I’m not paying to run. No, really, I’m not.

Okay, cards on the table – I’m tight. No, I’m not drunk, just a tad careful with money, so when I overheard some of the people in my running club talking about paying to go on a run, I was more than a bit surprised. Don’t get me wrong, I’ve been paying to enter races for 30-odd years. That seems okay to me, although why anyone would think a goodie bag containing vouchers and an out-of-date cereal bar is good value, I’ll never know. But these people weren’t talking about a race, they were talking about a run. A run? Put the trainers on, one foot in front of the other and go. No chip timing, no number, no energy drinks, no lurid baggy T-shirt, no road closures, no finish-line photos. Just a run. ‘But it’s a trail run,’ they said. ‘And?’ I said. ‘What difference does that make?’ I should explain.

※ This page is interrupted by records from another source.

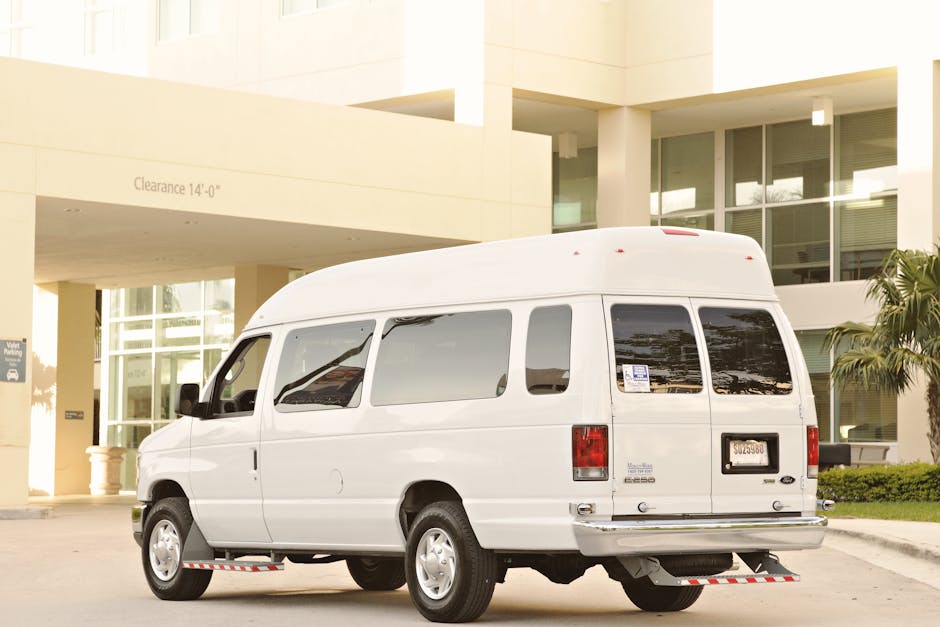 White passenger van parked outside a modern building under a clearance sign.
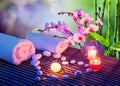 Heart of stones massage with candles, orchids Royalty Free Stock Photo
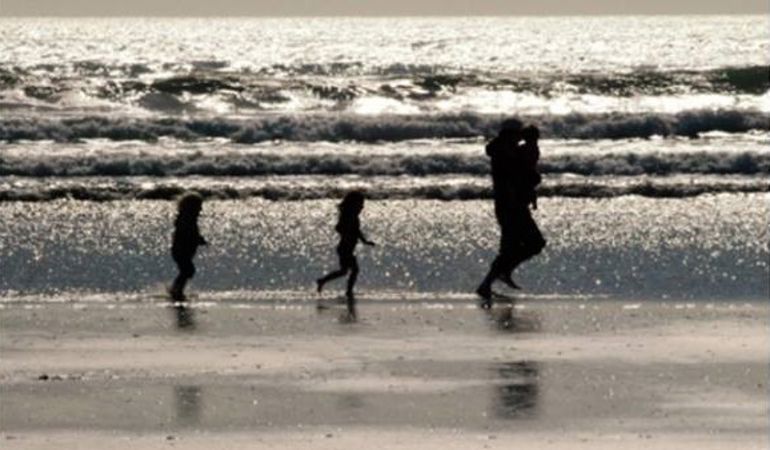 Llun o deulu yn rhedeg ar draeth ger y môr Llun o deulu yn rhedeg ar draeth ger y môr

I started my running on the roads, on my tod and I liked it. Occasionally, I’d potter across a field or round a park, but mainly I stayed within the bounds of civilisation. Things carried on like this for a good many years until I did something a wee bit crazy – for me – and joined a club. I didn’t research the club, I simply turned up and found the first thing they did was head up into the hills. Seasoned fell runners to a man (and woman) they enjoyed nothing more than a 20-mile trot over the Peak District moors by moonlight, followed by a hell-for-leather descent to the valley below. Within a week I had bought off-road shoes and was following them joyfully over the peat and heather, collecting mud and midge bites. It was wonderful. And apart from the studded soled shoes, it was free. Then I moved house and it all stopped.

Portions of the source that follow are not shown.